Yahoo Directory has flaws but for many topics is quite valuable.
The Yahoo directory is easy to attack these days. Who, after all, can argue that the Yahoo directory is better than Google’s search engine. But that is not a valid measure of the worth of the Yahoo directory. Are we better off having a Yahoo directory of the web or is it better if it went away completely. The Yahoo directory clearly provides great value for certain topics. One of my personal favorites is the Yahoo directory of mathematics (no, my math blog did not make the Yahoo cut).
Directories have their place. I find that they are especially useful for very specific topics. Often, a search excerpt does not provide enough information to figure out the value and relevance of a url. In these circumstances, I find myself going to Wikipedia, Amazon categories (great for browsing books), or Yahoo’s directory.
At HubPages, we have spent a lot of time making sure that our category system is usable. We have a category tool to make it as easy as possible for authors to identify the relevant category for their hub. They can do a search, get recommendations based on their tags, look up the categories they have used previously, or browse through the full list. We will have category landing pages that showcase featured hubs of that category. We have an excellent tool so that the HubPages staff can add new categories, remove categories, or move categories around. From my experience, usability of a feature is far more important than any theory behind it. Categories are useful because they are one more way for a reader to discover new content in a specific area of interest. It is one of many navigation tools available on HubPages. If you prefer, you can filter hubs by related tags, do a full-text, site-wide search, or browse hubs by popularity, quality, or recency. I think it’s clear that categories provide value not offered by these other choices.
Tags are not the perfect end-all categorization technology
Tags are not the end all classification technology. There, I said it. I feel better. Tags are great. We will continue using them at HubPages but they have significant limitations. Their identity depends on their form more than their meaning. If one person adds a space, another person adds a hyphen, and a third person removes the space, then you have three different tags that should really the same thing. Tagging is a skill. While the experienced HubPages author may get a sense of the popular tags, the newbie and the occasional writer often have real trouble figuring out the optimal tags. A few months ago, we added a tag suggestion feature which has really helped people to pick better tags. Tools such as this can really help to improve the effectiveness of tagging.
Tags also suffer from the same problems that Clay outlines in his essay about categories: they quickly get dated and they assume some level of mind reading and fortune telling. Tag clouds are found everywhere on the web seemingly more for show than for use. In 2005, Jeffrey Zeldman asked if Tag Clouds were not becoming the web equivalent of the mullet haircut.
Categorization does not have to rely on mind reading and fortune telling
Clay argues that categorization schemes inevitably require mind reading and fortune telling. You need to mind-read the would-be users of the hierarchy scheme and then you need to predict the interests of future users as well as the relevant topics that will organize future web links. Clay writes:
“One of the biggest problems with categorizing things in advance is that it forces the categorizers to take on two jobs that have historically been quite hard: mind reading and fortune telling. It forces categorizers to guess what their users are thinking, and to make predictions about the future.”

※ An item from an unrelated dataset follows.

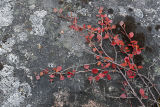 tundra birch bouquet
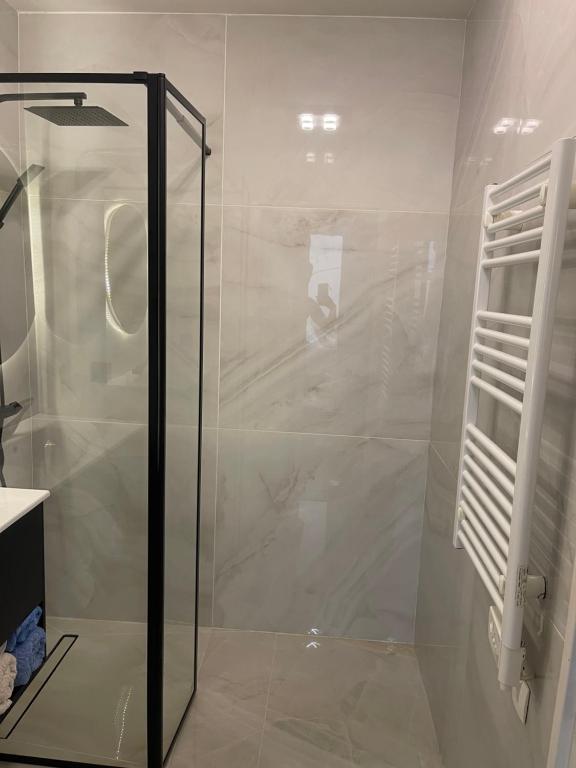 La salle de bains est pourvue d'une douche avec une porte en verre. dans l'établissement A Sainte marguerite, à Nice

He talks here about the problems of using the Soviet Union as a category or East Germany as a category. In both of these cases, the category is no longer relevant. This is one of the dangers of categories (and tags for that matter). They get dated over time and even well chosen categories may not be relevant to future users.

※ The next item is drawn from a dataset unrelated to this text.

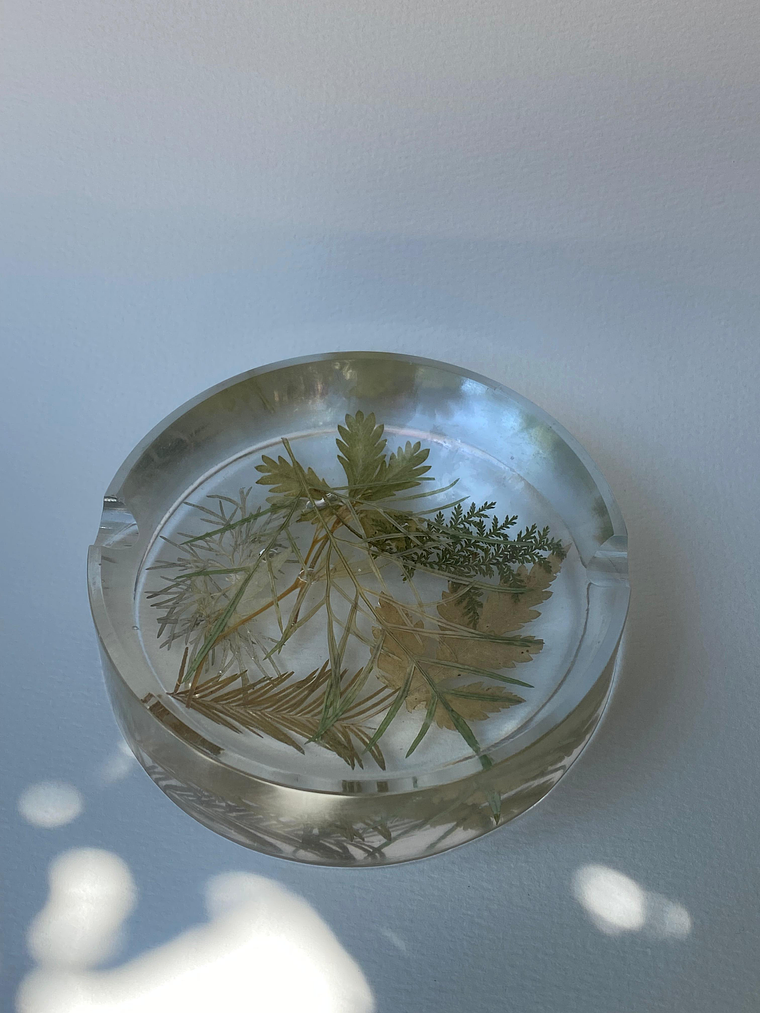 Cenicero Directo del Musgo 1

At HubPages, we provide a set of categories which our authors decide to use or not use. It is true that we are doing limited mind reading and fortune telling in the sense that we came up with our set of categories before the author writes a hub. In practice, this is not as tough as it sounds. If no one signs up for a category, we can remove it. If someone requests a category, we can add it. Additionally, our writers tend to have favorite topics so past writing behavior is a reasonably good predictor of the future. For example, the user mattressguru is excited that there is a mattress subcategory.
While each hub has to get mapped to a single category, we give authors many choices: they can use a top level category, a second level category, or in some cases, a fourth-level category: it’s up to them. This really takes away the burden of mind reading since if all else fails, the writers can pick a more general category. You can see our complete list of categories here.
Our design of categories came about from a discussion between the staff and the HubPages community. The staff got the ball rolling by coming up with an initial set of top-level and second-level categories which we presented through forum announcements. I am proud to say that most of what was initially proposed was well received and the discussion that followed really helped to improve the overall set of categories.
Binary Categorization didn’t leave completely
Visit any of your favorite sites and most likely you will find some level of categorization there. Clay Shirky’s web site, for example, has the following categories:
- New Book
- Napster and Peer-to-Peer
- WAP and the Wireless Internet
- Globalization and the Internet
- Network Economics
- Media and Community
- Open Source and Software Design
Clay was surprised to find that he could organize his writings around common “themes”. He writes:
“As I have gathered these writings together and tried to organize them, however, I have been surprised to see that there are things here that organize these writings, not so much by category as by theme.”
Recently, Google has introduced categories to its Knol product.
Clay’s arguments in his essay focus on an older way of doing categories: of having a small group of category experts create a hierarchy of boxes which they impose on the world. The HubPages approach is very different. We recognize from the beginning that categories are imperfect and we offer categories more as “themes” than as a “boxes”. Authors are able to switch categories at any time.
We moved to categories as a result of our experience with tags. Tags were too imprecise to help users find the specific content that they wished. Because authors, in a sense, get to vote for the categories they like, category ordering at HubPages is significantly more organic than the categorization schemes that Clay critiques.
I am very excited about this week’s release of categories to HubPages. I look forward to hearing the feedback as people try it out.